The United States Federal Communications Commission approved Google's futuristic hand-gesture radar technology for further testing several days back, allowing the Internet juggernaut to start experimenting with its unique solution aboard aircraft and at higher power levels. As of right now, Alphabet's subsidiary can now conduct tests with more lenient restrictions on the maximum output power of its devices' transmitters and effective radiated power. While the approval of in-flight testing is an entirely new development, the permit was granted only for setups wherein Google's solution operates "in closed exclusive on-board communication networks," meaning no actual consumer-grade use cases can be tested on airplanes and other aircraft. The FCC gave Google the permission to expand its radar experiments on the basis that it concluded the tech in question is extremely unlikely to cause any kind of harmful interference to other spectrum incumbents. The solution operates in the 57-64GHz band and the telecom watchdog concluded that allowing Google to ramp up its testing efforts will serve public interest, explicitly stating that it believes Google will eventually be able to commercialize its wireless, contact-free gesture technology.
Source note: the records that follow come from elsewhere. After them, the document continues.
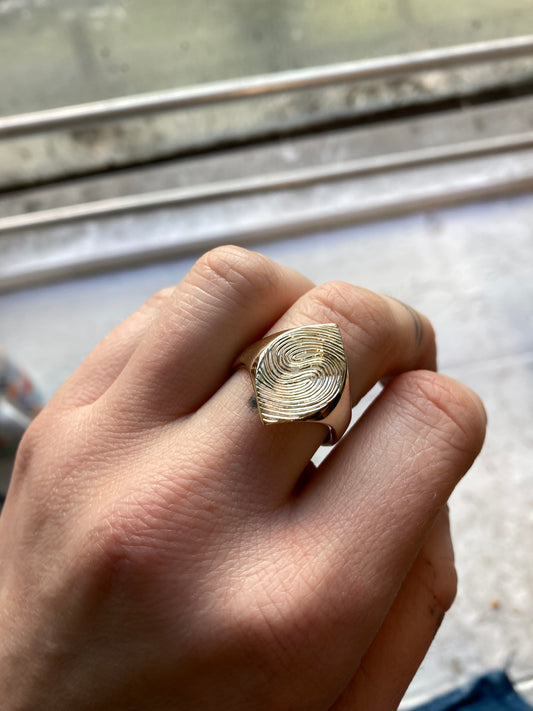 ~ CUSTOM SIGNET ~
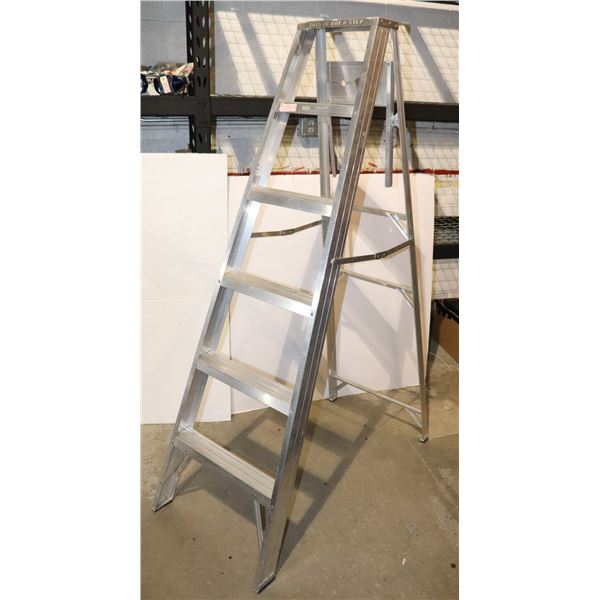 6' ALUMINUM LADDER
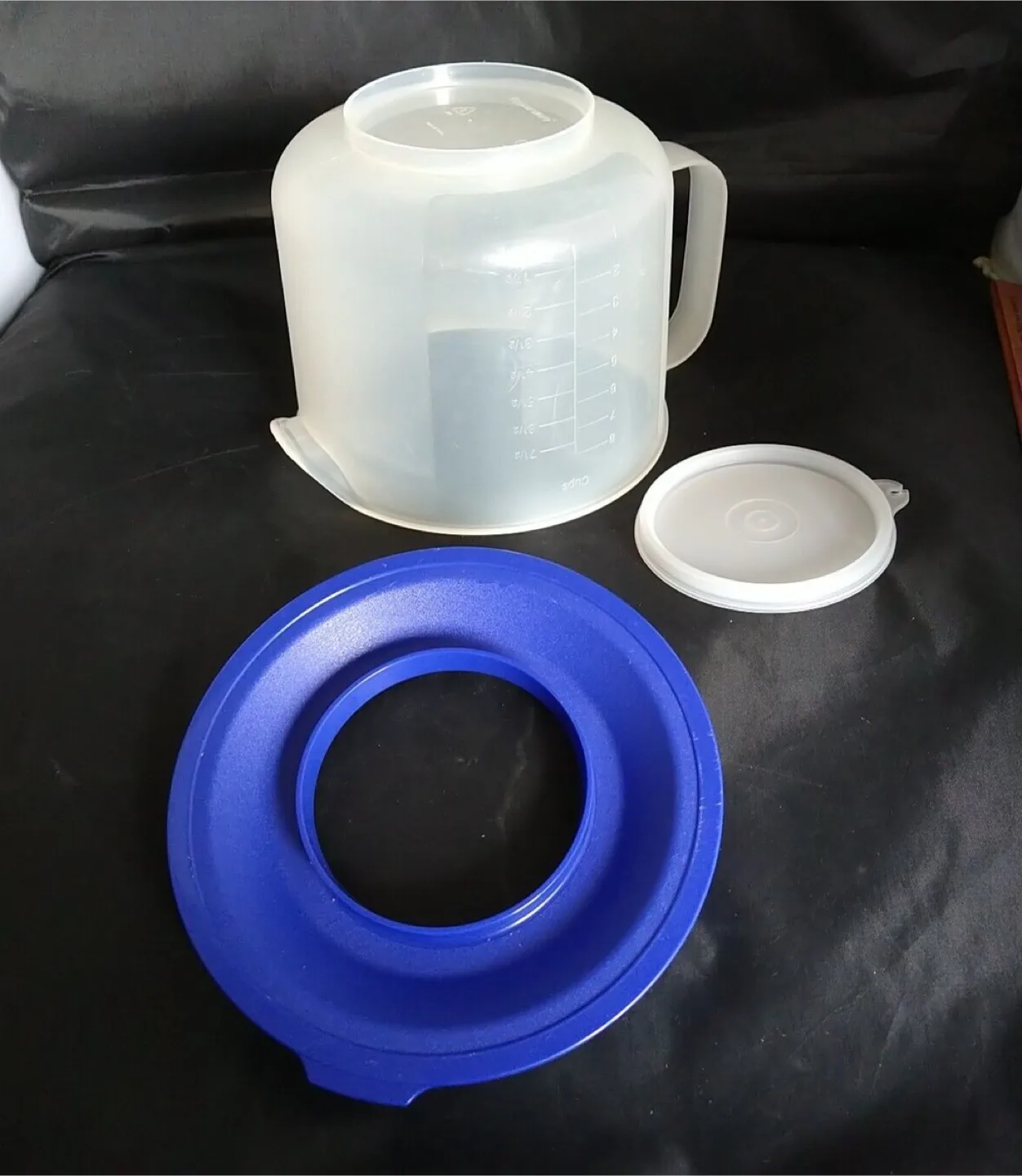 Vintage Tupperware Mix-N-Stor 8 Cup Measuring Bowl image indicator(4)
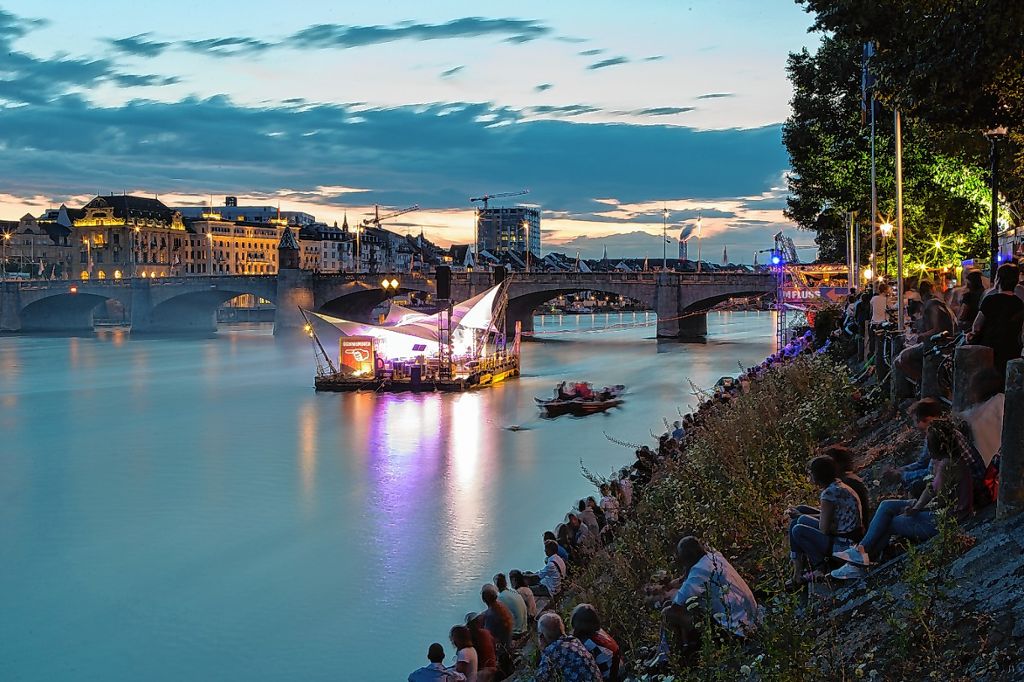 Basel: Musikschiff sticht in See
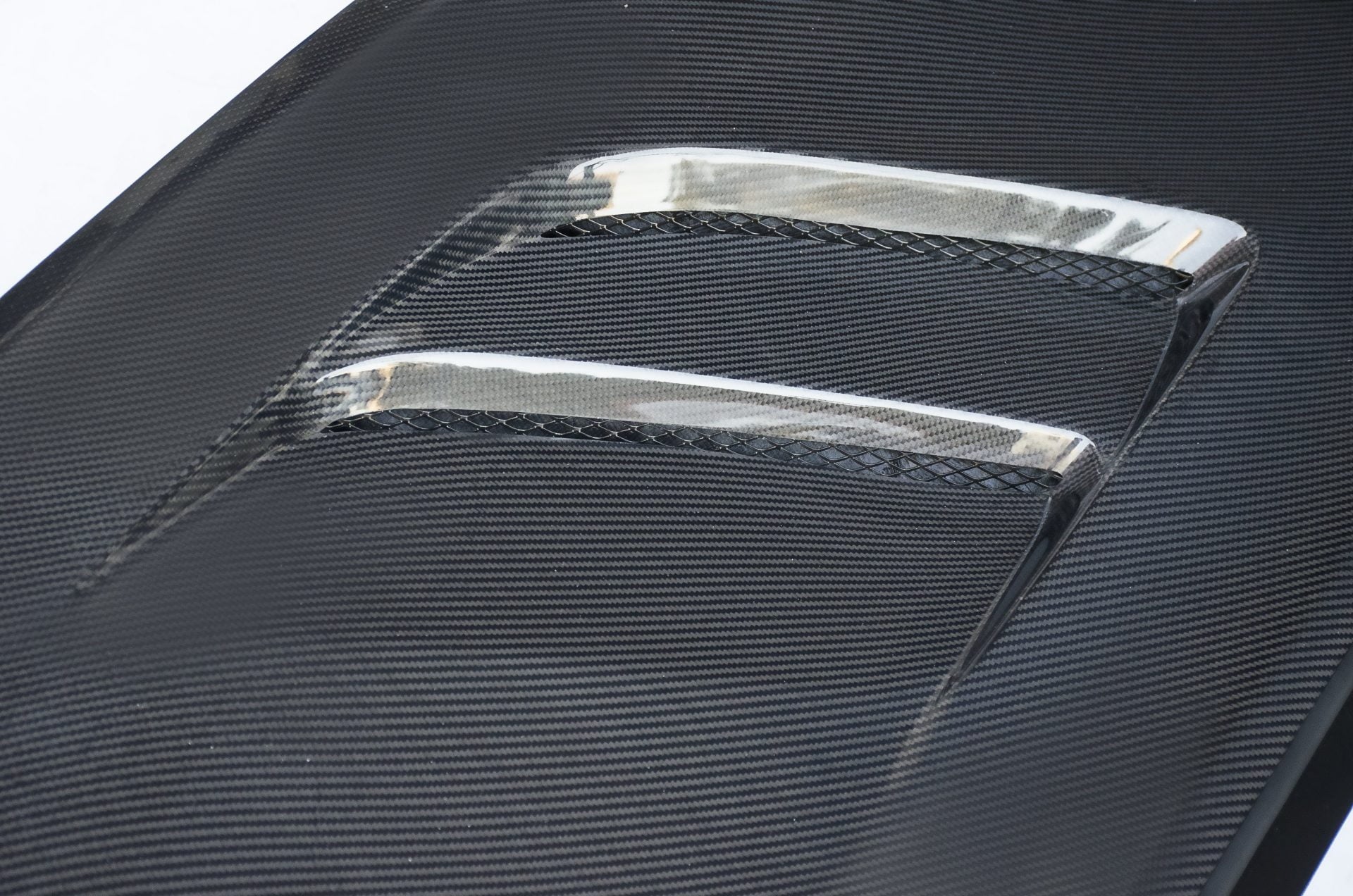 CMST Carbon Fiber Transparent Hood for Chevrolet Camaro 6th Gen 2016-ON - Robot Bodykits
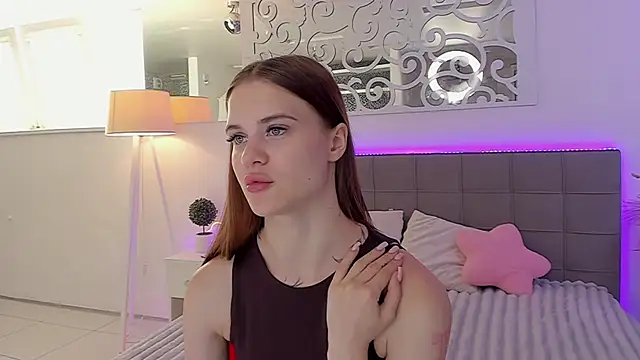 Snapshot of LuisaClover chatting on 06.30.26 LuisaClover online show from 06.30.26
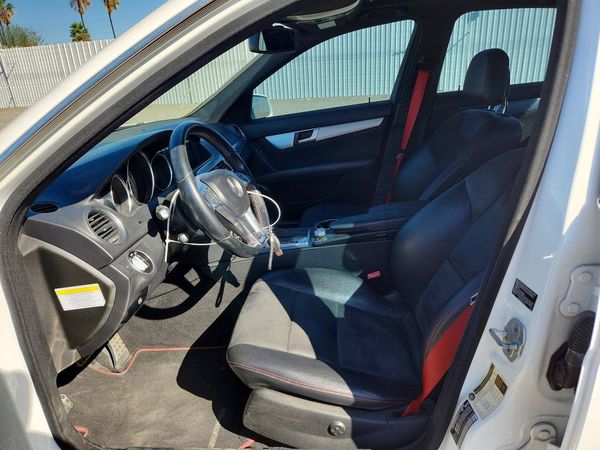 2013 MERCEDES-BENZ C C250 — DENT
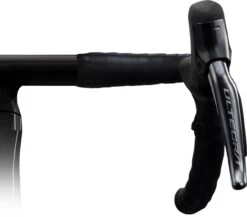 Shimano ULTEGRA Di2 ST-R8170+BR-R8170 2-speed Disc Brake Front Disc Brakes - Front Brakes | Bike-Discount 10 Shimano ULTEGRA Di2 ST-R8170+BR-R8170 2-speed Disc Brake Front Disc Brakes - Front Brakes | Bike-Discount -Shimano Riding Shimano ULTEGRA Di2 ST R8170 BR R8170 2 fach Scheibenbremse vorne IR8170DLF6SC100F e 1280x1280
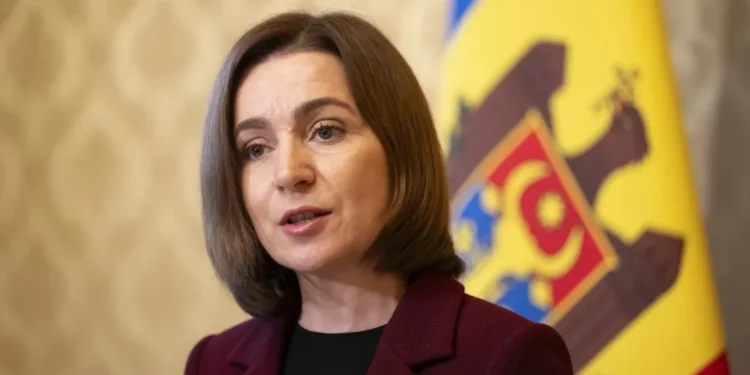 Sandu premiată în Europa pentru democrație, în timp ce acasă Parlamentul ignoră opoziția și cererile acesteia |VIDEO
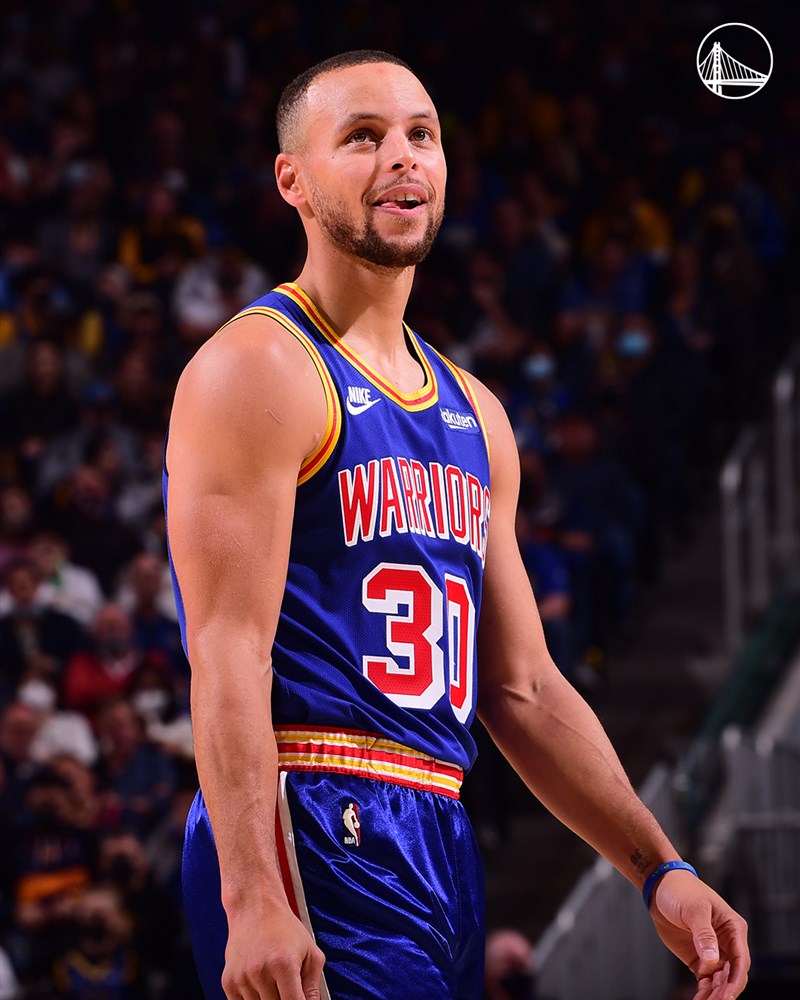 美國職籃NBA金州勇士12日在主場對上芝加哥公牛，柯瑞投進9記三分球，攻下40分。（圖取自twitter.com/warriors）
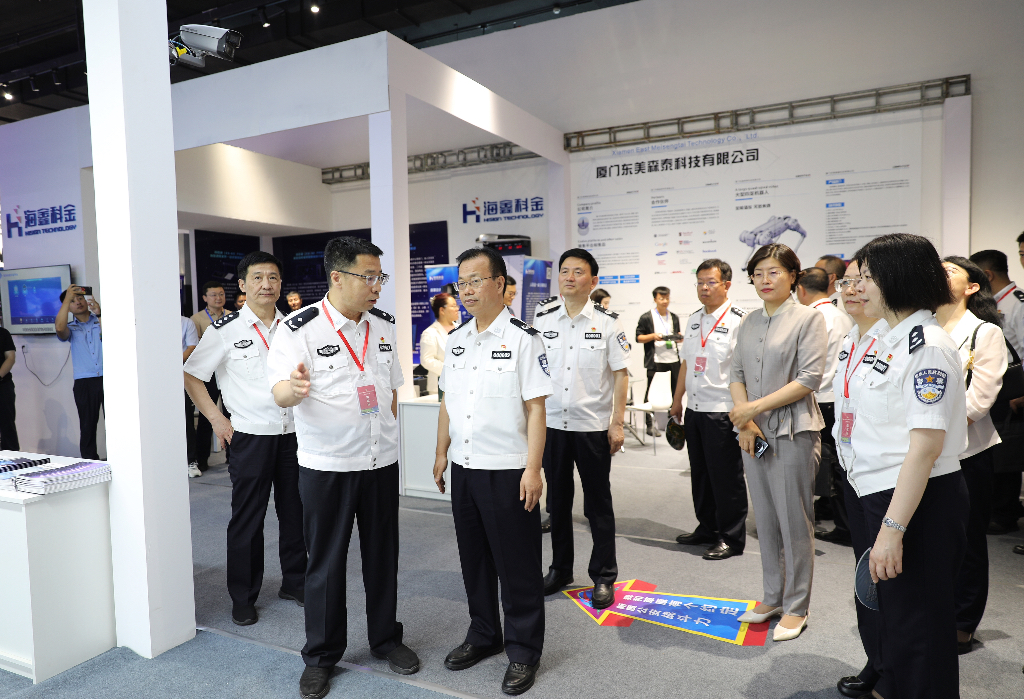 3-240Q211050TU J9直营集团【中国区】官方网站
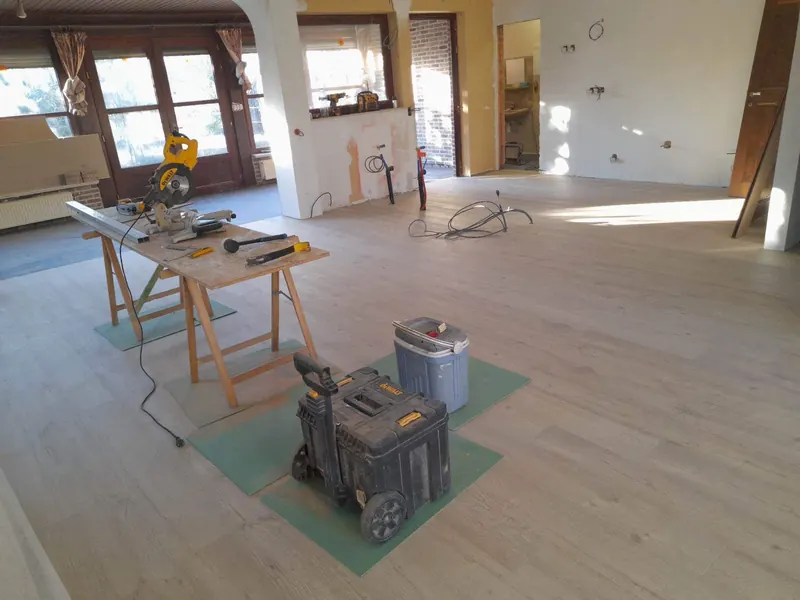 afgewerkte vloer met licht, februari 2023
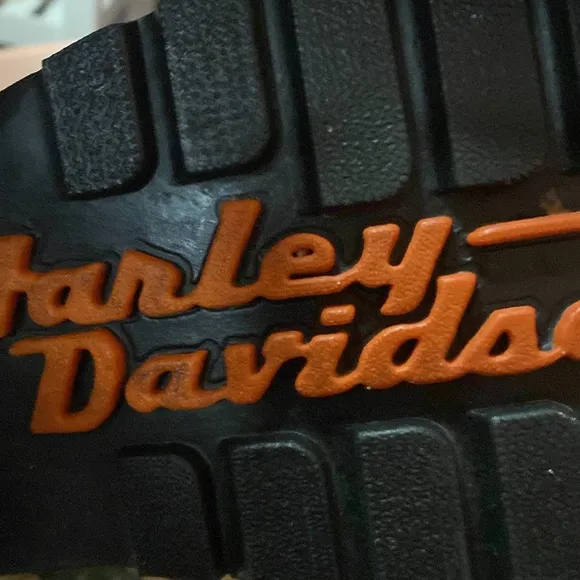 ￼ Harley Davidson lace up boots
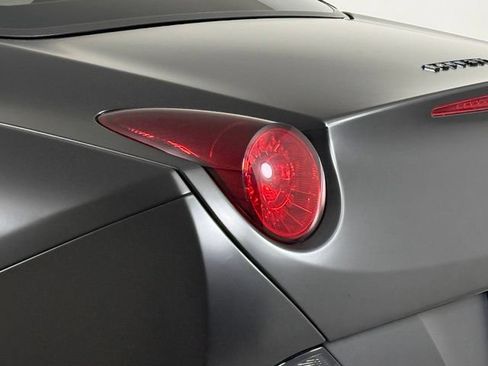 Used 2014 Ferrari California RWD image 18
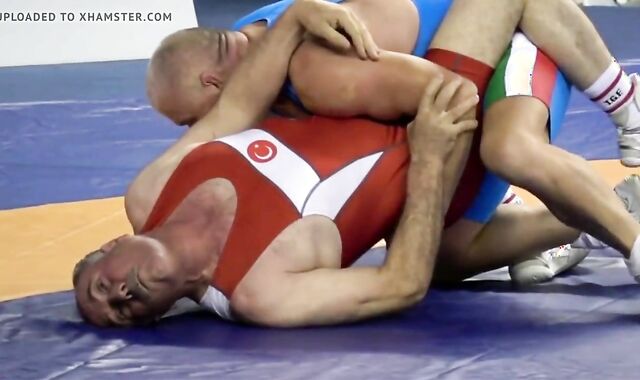 aged masculines Grappling, 2 crazy Daddies Go At It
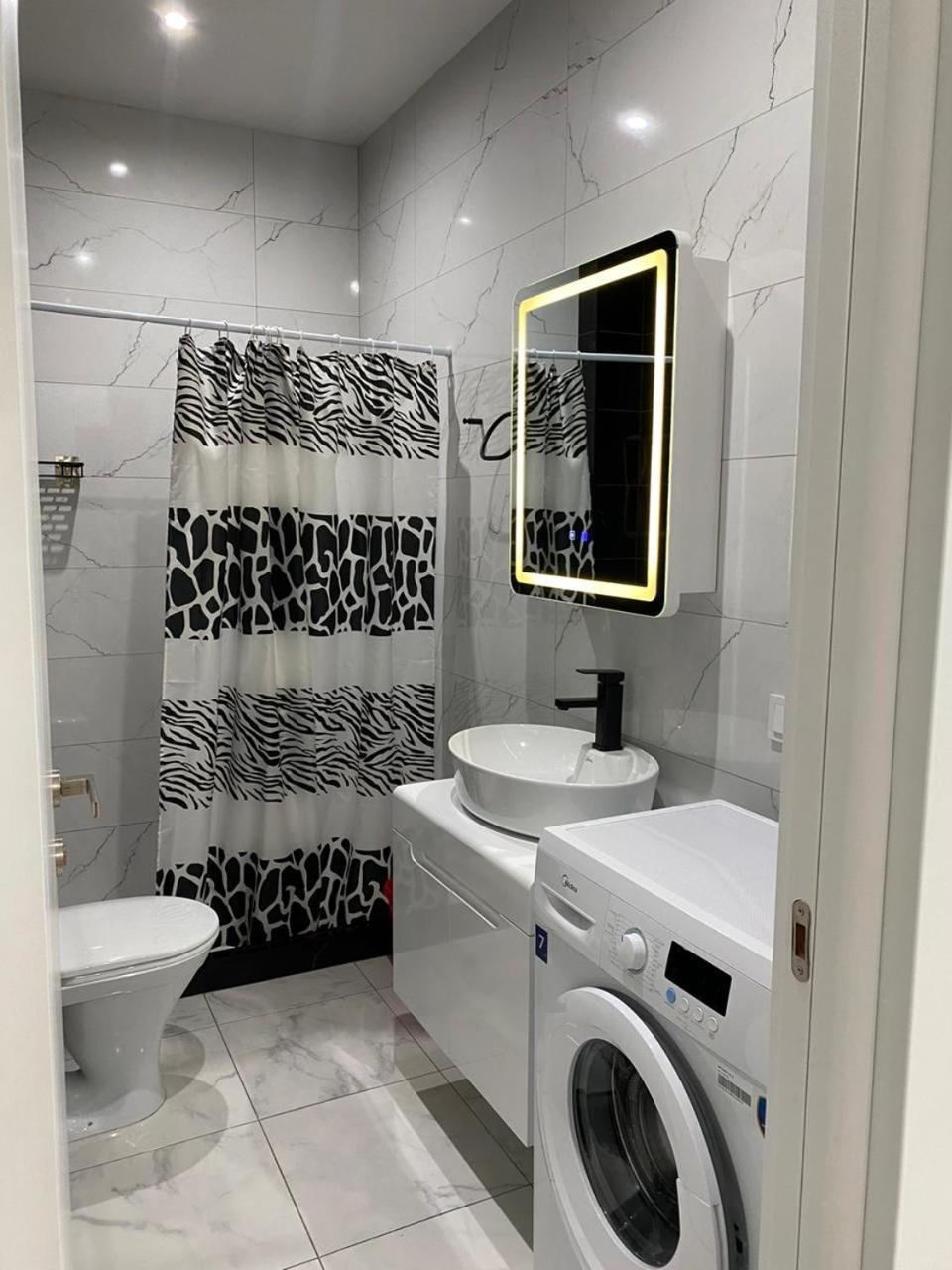 Apartment - "Exclusive" Tbilisi Exterior photo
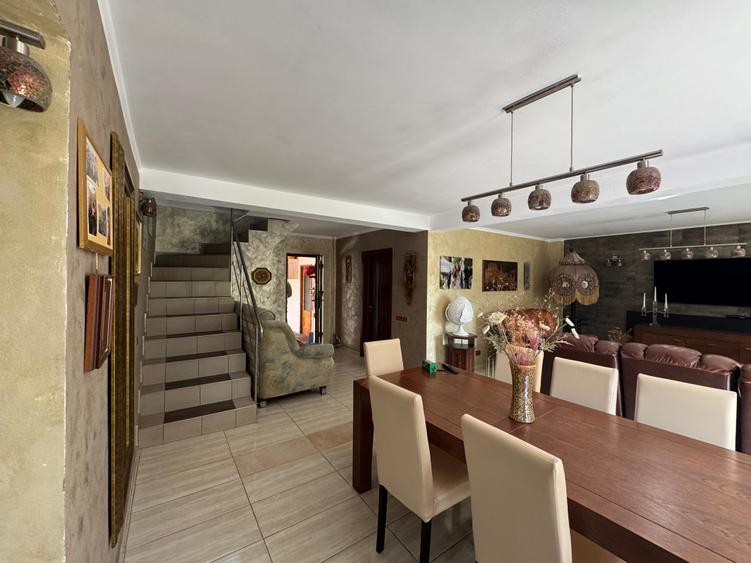 ? De vânzare – Casă P+1, 220 mp construiți, teren 400 mp – Agigea, Constanța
Crazy tech isn't created overnight
Originally announced in mid-2015, Google's unconventional initiative — officially called Project Soli — never had massive funding relative to some of the company's other moonshot bets but its internal support was always consistent, even though news of the effort slowed down over the course of the last couple of years. The firm's Soli sensors are essentially high-tech radars; they emit wide electromagnetic waves, then monitor their spread for interference in terms of scattered energy, a portion of which is reflected back to the source after the original beam meets an object. However, unlike an old-school radar that can only detect distance and object size in certain intervals, Google's system is capable of doing so in real time and has been optimized specifically for relatively small subjects such as hands. Based on the properties of the reflected signal received by Soli sensors, the thereof can determine subject characteristics such as distance, size, orientation, dynamics, velocity, and even material.
While the applications of the tech are so vast that Google already opted to release an SDK for it, allowing third-party developers to experiment with its invention, the Mountain View, California-based firm is presently primarily focused on creating a platform for camera-free gesture recognition that's much more accurate and consistent than alternative solutions. The latest implementation of the Soli sensor comes in the form of a chip that can be used in electronics such as smartphones and wearables. While the mobile industry — Samsung in particular — has been exploring hand gestures for many years now, existing solutions are simplistic at best and unreliable at worst, not to mention that they usually require users to physically touch their devices. The rare few attempts at gesture recognition that don't usually rely on front-facing smartphone cameras and consequently suffer from reliability issues. Google's Advanced Technology and Projects group not only created the hardware for Project Soli but developed an entirely new radar sensing paradigm and specialized software meant to make the absolute most of its chip. The comprehensive approach to Project Soli's development that essentially started from the ground up is the main reason why the initiative is progressing at a relatively slow pace, though new applications of Google's tech are expected in the near future.
The tech industry was significantly different back when Project Soli started; in the years that followed, various advancements allowed for "true" (i.e. unprecedentedly powerful) artificial intelligence solutions to emerge, promising countless possibilities and prompting may major players to completely rework their long-term business strategies. Google was part of that group seeing how today CEO Sundar Pichai refers to Alphabet's flagship unit as "an AI company," with machine learning and related technologies now being infused into virtually every project at the firm. As far as Project Soli is concerned, the ATAP division has yet to disclose any major attempts at blending its unconventional gesture recognition with AI but even in its original form, the tech should allow for extremely convenient use cases such as answering a call and putting the caller on speaker without ever touching one's handset or mimicking an imaginary volume dial, with Google claiming such interactions will feel natural in no time.